** Opening RECORDS SHOWN block **

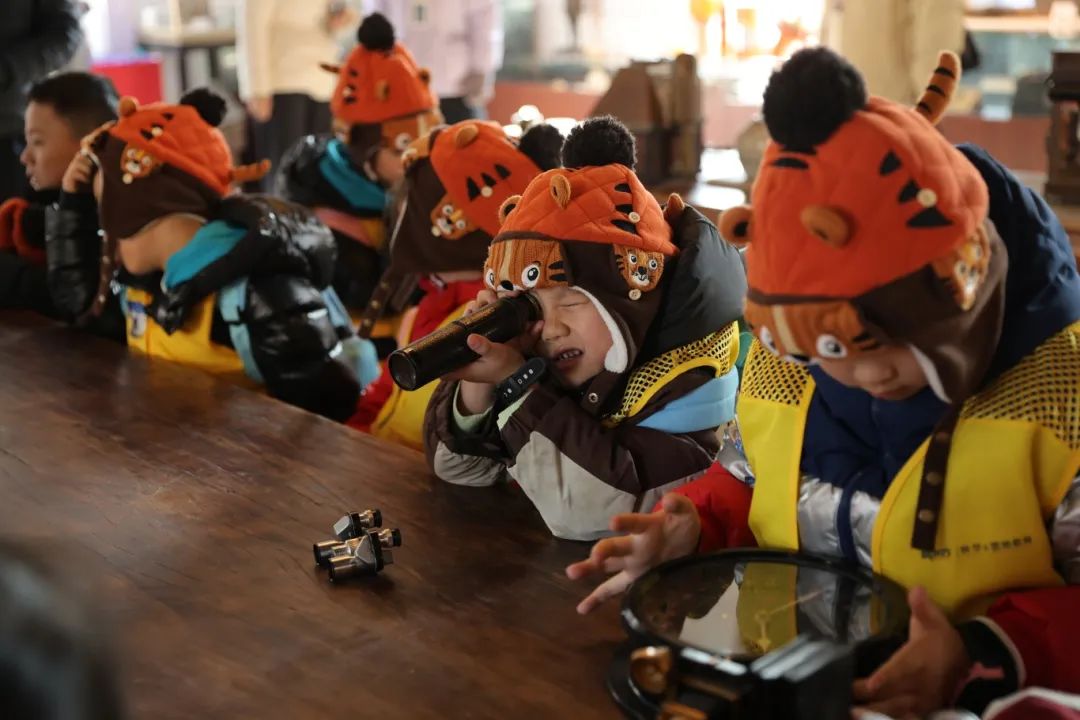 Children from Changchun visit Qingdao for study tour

** Closing RECORDS SHOWN block **
** Opening RECORDS SHOWN block **

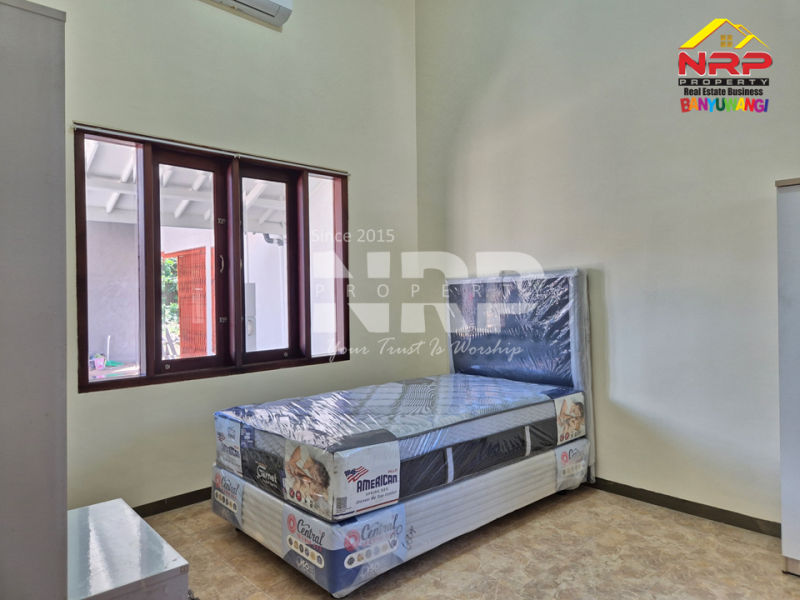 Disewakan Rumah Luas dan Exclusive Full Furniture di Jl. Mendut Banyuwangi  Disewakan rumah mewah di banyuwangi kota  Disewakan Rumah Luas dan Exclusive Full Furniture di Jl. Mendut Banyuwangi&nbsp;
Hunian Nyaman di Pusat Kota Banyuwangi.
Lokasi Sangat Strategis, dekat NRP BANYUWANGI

** Closing RECORDS SHOWN block **

**WORK ITEM**: Set down precisely the lines above between the line holding "Hunian Nyaman di Pusat Kota Banyuwangi." and the line holding "Lokasi Sangat Strategis, dekat NRP BANYUWANGI", inclusive, and nothing beyond them.

**ANSWER TO THIS EXERCISE**:
Hunian Nyaman di Pusat Kota Banyuwangi.
Lokasi Sangat Strategis, dekat NRP BANYUWANGI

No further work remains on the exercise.